Differenze tra università italiana e tedesca: un confronto con il Prof. Ugolini

di Oriana Poeta

Studiare all’estero è indubbiamente un’esperienza positiva. Si perfeziona la lingua straniera, ci si confronta con un sistema universitario diverso e si cerca di capirne i meccanismi di funzionamento. Non è sempre facile, ma di sicuro è un’esperienza formativa. Sono stati numerosi, negli ultimi anni, gli italiani che si sono iscritti alle facoltà universitarie di Berlino.

Gherardo Ugolini, attualmente professore di Filologia classica all’Università degli Studi di Verona, ha insegnato, sino a qualche anno fa, presso l’università di Heidelberg e la Humboldt-Universität di Berlino. Lo intervistiamo per capire affinità e differenze tra le università italiane e tedesche, in particolare nell’ambito umanistico.

Come mai dopo tanti anni di docenza a Heidelberg e Berlino è tornato in Italia?

Era il 2005 quando, nell’ambito di una serie di conferenze che tenevo in Germania e in Italia, fui invitato a parlare a Verona. Dai contatti maturati in tale occasione con i docenti di antichistica dell’ateneo nacque l’idea di partecipare alla selezione prevista nell’ambito del programma “Incentivazione alla mobilità di studiosi stranieri e italiani all’estero”, conosciuto comunemente come “programma rientro cervelli”. Dopo circa vent’anni trascorsi all’estero, tra dottorato di ricerca e docenza, tornare ad insegnare in Italia era una bella soddisfazione e un’occasione da non lasciarmi sfuggire. Dal 2012 sono professore associato e credo che proprio a Verona completerò il mio percorso.

Cosa l’ha colpita nel mondo accademico teutonico? 

La prima cosa che mi viene in mente è l’enorme rispetto che si ha nei confronti degli studenti. Essendo stato io stesso dottorando a Monaco di Baviera, ho vissuto in prima persona, e in maniera estremamente positiva, il rapporto fra studente e docente che caratterizza la vita quotidiana negli atenei tedeschi. Il professore tedesco è al servizio degli studenti, i quali ne sono perfettamente consapevoli. Conoscono i propri diritti e doveri e pretendono lo stesso dal docente. Ho imparato, come docente, a rispondere alle e-mail nell’arco della giornata, a rispettare gli orari di ricevimento, a fornire ulteriori spiegazioni ogni qual volta fosse necessario, eccetera. Lo studente italiano solitamente non riceve lo stesso tipo di trattamento e, inevitabilmente, si adegua a quello che è il modus vivendi.

Ha notato una differenza nel rapportarsi con i suoi colleghi?

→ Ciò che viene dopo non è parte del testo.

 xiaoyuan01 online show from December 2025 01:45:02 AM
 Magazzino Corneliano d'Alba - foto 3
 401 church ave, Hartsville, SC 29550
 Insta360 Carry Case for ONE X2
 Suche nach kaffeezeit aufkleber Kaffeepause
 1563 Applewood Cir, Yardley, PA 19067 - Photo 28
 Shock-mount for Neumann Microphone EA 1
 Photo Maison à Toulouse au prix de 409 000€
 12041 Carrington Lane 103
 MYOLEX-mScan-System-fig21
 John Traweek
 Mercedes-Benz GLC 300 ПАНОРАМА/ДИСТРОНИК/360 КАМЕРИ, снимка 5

Sì e anche notevole. In Italia è consuetudine rivolgersi ai colleghi in maniera informale, sebbene non li si conosca bene o ci si incontri per la prima volta. È usuale, quindi, darsi del tu immediatamente e ritrovarsi al bar per bere un caffè. Capita anche sovente di pranzare insieme chiacchierando e socializzando a lungo. In Germania s’impiegano anni per avere lo stesso tipo di contatto. Prevale un rapporto estremamente formale che raramente riesce a diventare qualcosa di più. A pranzo si preferisce rimanere in ufficio e mangiare un panino davanti al computer. A pensarci bene, la convivialità italiana mi è mancata molto. Devo aggiungere, con rammarico, che in entrambi i Paesi prevale la tendenza al lavoro individuale, mentre la collaborazione fra docenti nella ricerca, come nella didattica, potrebbe rilevarsi una carta vincente per offrire nuove e migliori modalità di insegnamento.

Cosa pensa della modalità del seminario, molto comune in Germania?

La considero un’ottima forma di insegnamento, sempre che il seminario riesca bene. La riuscita è data da una combinazione di più elementi, non facilmente combinabili tra loro. Un seminario ben organizzato deve prevedere un percorso e una scaletta precisi, presuppone dei materiali di lavoro accuratamente scelti dall’insegnante. Il lavoro di preparazione, gestito esclusivamente dal docente, è un momento fondamentale. Agli studenti spetta poi il compito di partecipare attivamente e di prendere il posto in cattedra. Dovrebbero essere in grado di sviluppare, di volta in volta, i relativi argomenti, di discuterne insieme e di formulare nuove tesi. Se tutto ciò riesce, al professore non resta che commentare e aggiungere brevi spiegazioni.